You’ve enjoyed the lovely mint plants in your garden all season, but suddenly they start to flower. Are they dying? Can you still use the leaves? This article will cover everything you need to know about using and taking care of your flowering mint plants.
Like many other plant species, mint plants will flower when they are ready to reproduce. These flowers attract pollinators, like bees and butterflies, which help the plant produce viable seeds to create even more mint plants. This flowering is often triggered by higher temperatures and drier conditions, signaling the peak of the summer growing season.
If your mint plants do start to flower, don’t panic! They aren’t a lost cause and won’t die off quickly after starting to flower. There is still plenty to do to keep your plant healthy and ensure you can enjoy your mint for the remainder of the season.
What to do if mint is flowering?
If your mint plant starts to flower, signaling the start of the final stages of its life cycle, there are a few things you can do to delay this from happening.
If your plant has just started flowering, you will want to pinch off any buds and flowers immediately to stop the plant from developing more.
You can do this by simply cutting off any flowers with scissors or shears, ensuring the whole flower and a few of the leaves below it are removed.
Buds are often delicate enough they can simply be pinched off of the stem using your fingers, this way you can safely remove them from a plant before they begin to flower fully.
Removal of flowers and buds will stall the plant from flowering again right away, as it directs more energy into growing back the portion you removed first.
Your plant will continue attempting to flower throughout the season, however, so be sure to check it regularly for buds and flowers and remove those as they appear.
There are also a few things you can do to try and delay your mint plant from flowering in the first place. When your mint plant flowers, it sometimes means it has grown large and healthy enough to put energy into producing flowers in order to reproduce.
The process of producing flowers uses so much energy, it will actually weaken the flavour of the rest of the plant, making this less than ideal for gardeners who keep mint to use in the kitchen.
To delay flowering, you can prune your mint plants significantly during the growing season. You will want to wait until your plant is healthy, pest free, and established, so don’t heavily prune mint which is only in its first year of growth.
Prune your plant by cutting back to just above a leaf node on each stem, following the rule of thumb to never prune more than one-third of the entire plant.
This will encourage the plant to put energy into new growth, roots, and branching instead of flowers, delaying the flowering time a little longer.
As an added benefit, your mint plant will grow bushier and produce more leaves for you to use while cooking. Once a plant is established and healthy, you can prune it regularly (about once a week) taking only a little at a time to allow the plant to thrive.
As an added bonus, this regular pruning will help to control the size of your mint plant, to prevent it from dominating you garden and competing with other plants you are growing.
Store the mint you removed on the counter in a jar of water (like a bouquet of flowers) and use these leaves while your plant continues to grow.
Mint branches should last about a week if stored this way when removed from the plant.

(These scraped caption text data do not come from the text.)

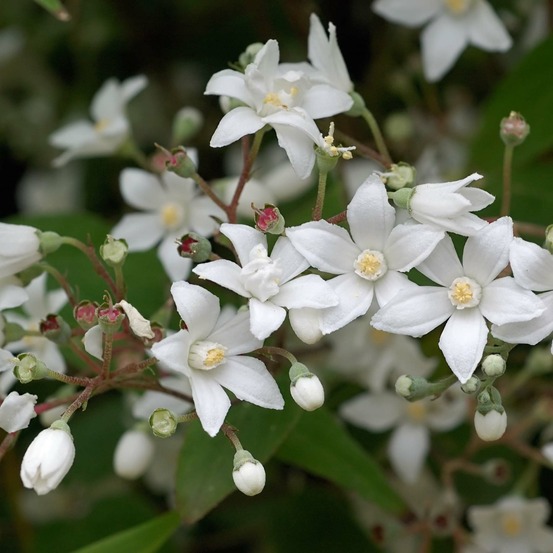 Deutzia 'corymbiflora' pot de 7,5l/10l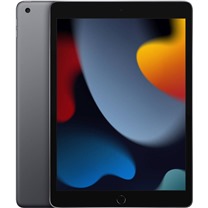 Apple iPad 2021 10,2" Wi-Fi 256GB Space Grey (mk2n3fd/A)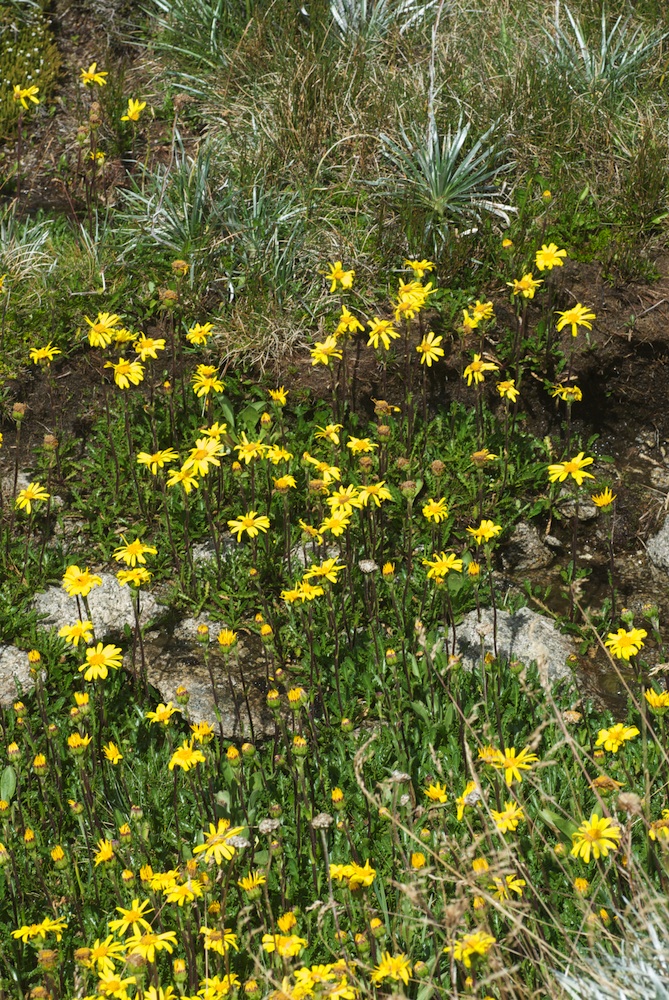 Asteraceae Senecio pectinatus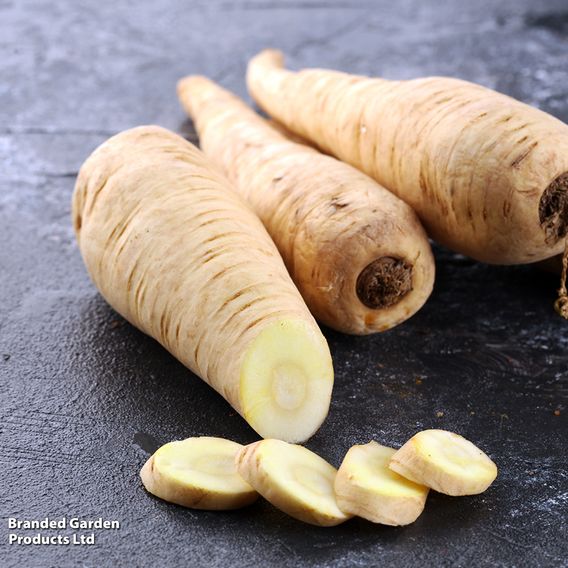 Parsnip 'Albion' F1 - Seeds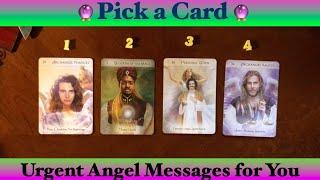 Urgent Angel Message for You  Pick a Card  Timeless ⏰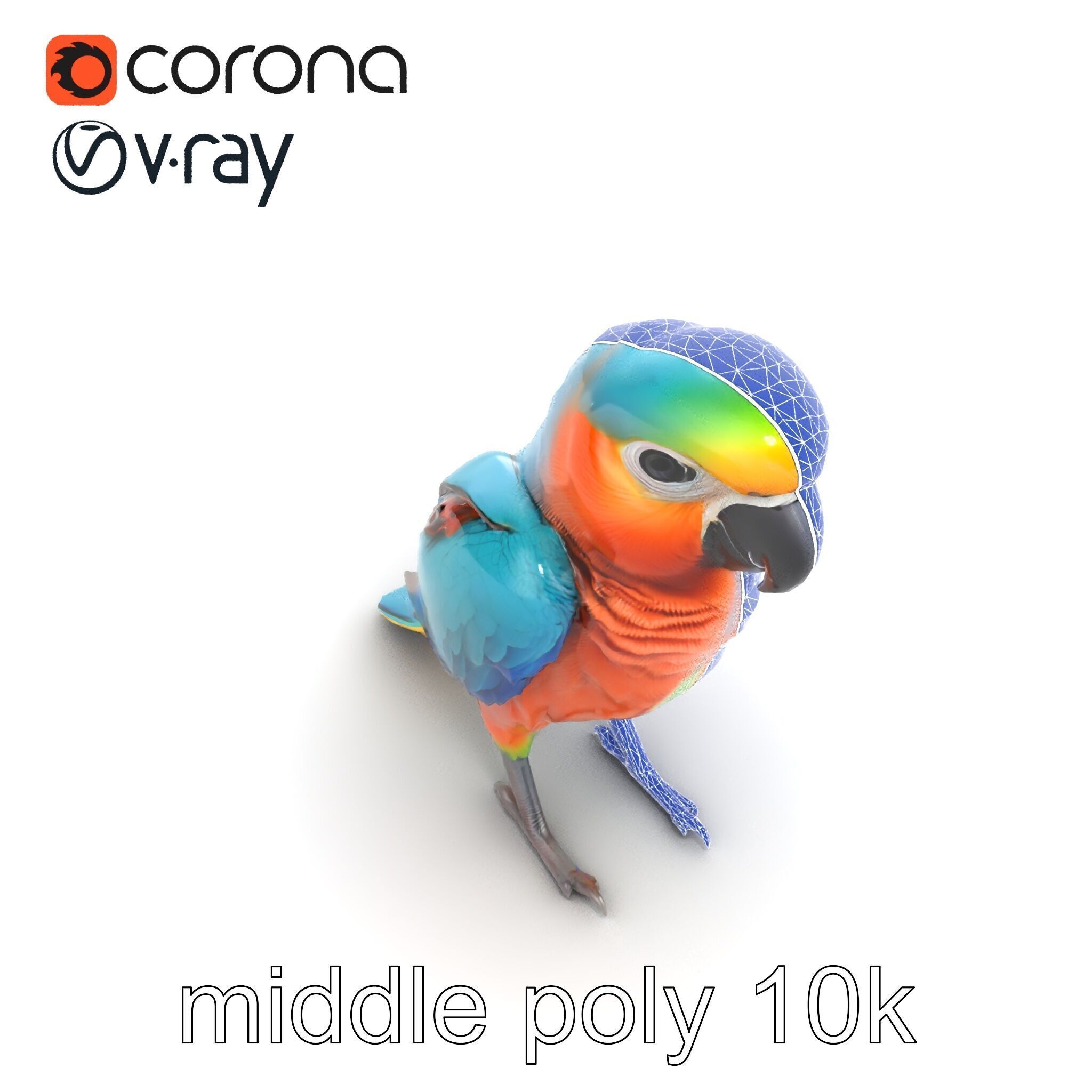 Colorful Parrot Species 3D Model Pack Low-poly 3D model_14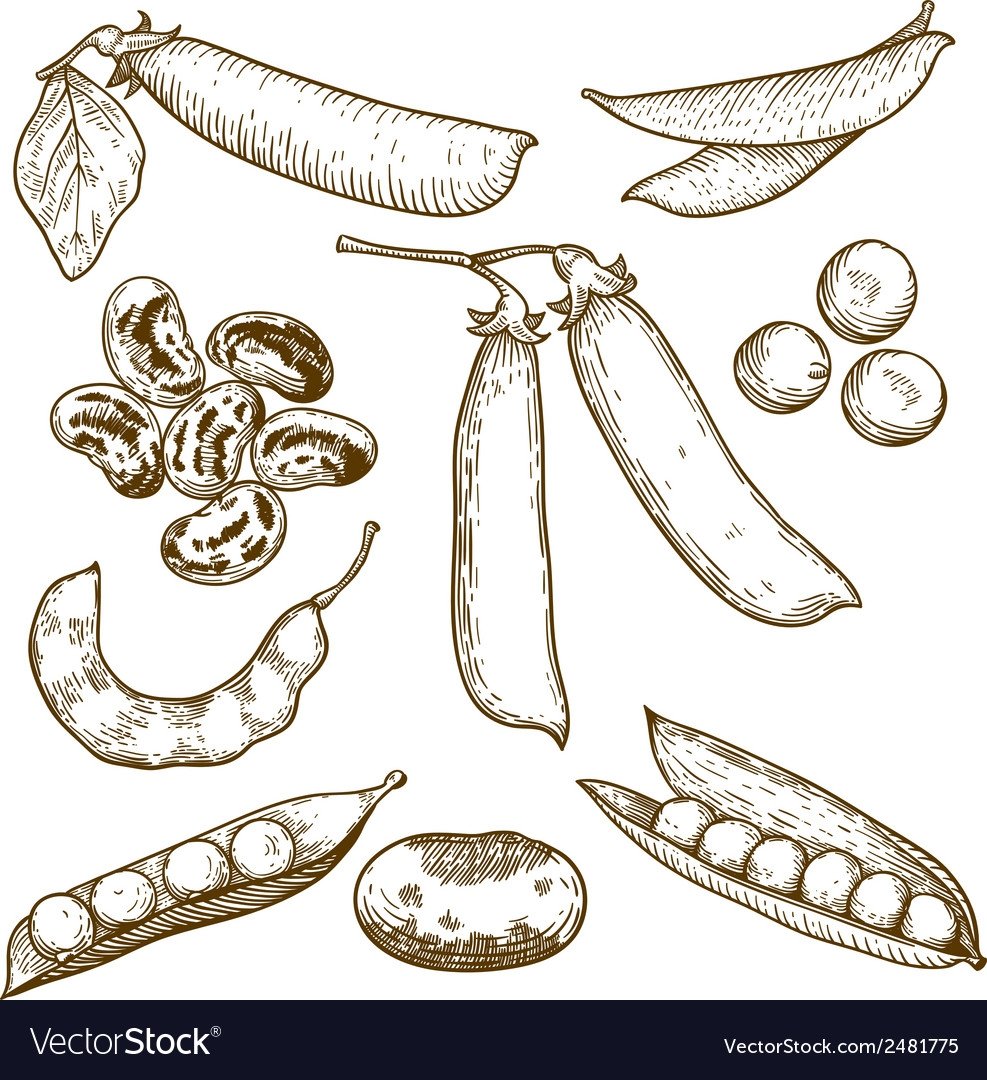 Рисунок бобов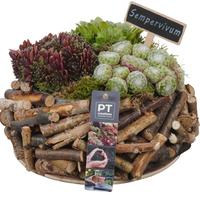 PTS7441 Arrangement Sempervivum in wooden box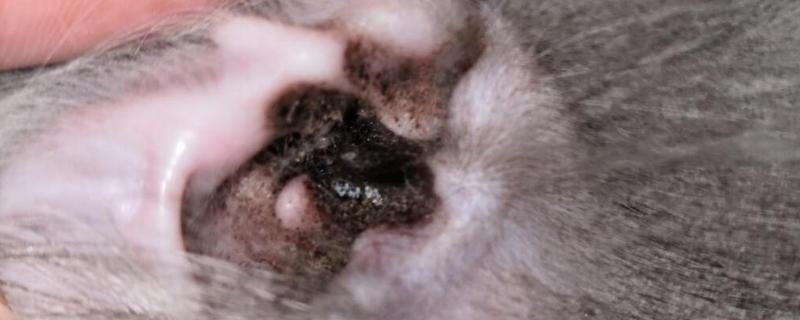 猫咪有耳螨怎么办，需及时滴入滴耳液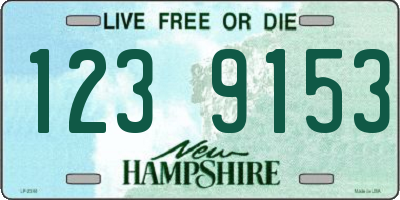 NH license plate 1239153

To help your mint cuttings last a little longer, place a bag loosely over the stems in the jar of water and place the whole thing in the fridge to keep it cool.
Another way to help prevent mint flowering in the first place is to ensure proper growing conditions. For mint, this means planting in an area that receives 6-8 hours of sunlight a day, and watering regularly to ensure the plant does not become dry and stressed.
Using a fertilizer high in nitrogen on your mint plants will also encourage leaf and stem development rather than flower production. Finally, mulch around your mint plant (even if planted in a pot indoors) to help control the soil temperature and retain moisture around the roots, potentially preventing the triggering of flower production.
Can you use mint after it flowers?
If your mint plant starts to flower, one of the worst things you can do is stop using it! By allowing your mint to finish flowering, become pollinated, and go to seed, you have allowed it to complete its life cycle. After this happens, your plant will slowly die off until the next growing season comes around, and the quality of the leaves will decline rapidly.
Luckily, mint can still be used even after flowering. Some plants, like oregano, will develop a bitter flavour after flowering and are less enjoyable to use.
When mint plants create flowers, some of the essential oils (oils found in the leaves that give mint its taste) are lost as the plant directs more of its energy into producing flowers.
This reduces the quality and strength of the flavour of the leaves. You may find you have to use a higher quantity of mint to achieve the same amount of flavour as before the plant flowered, but you won’t experience a bitter or unpleasant aftertaste.
Other than having to use more, you can enjoy mint leaves from your flowering plant in all the same recipes as before, such as mint tea, desserts, salads, and cocktails.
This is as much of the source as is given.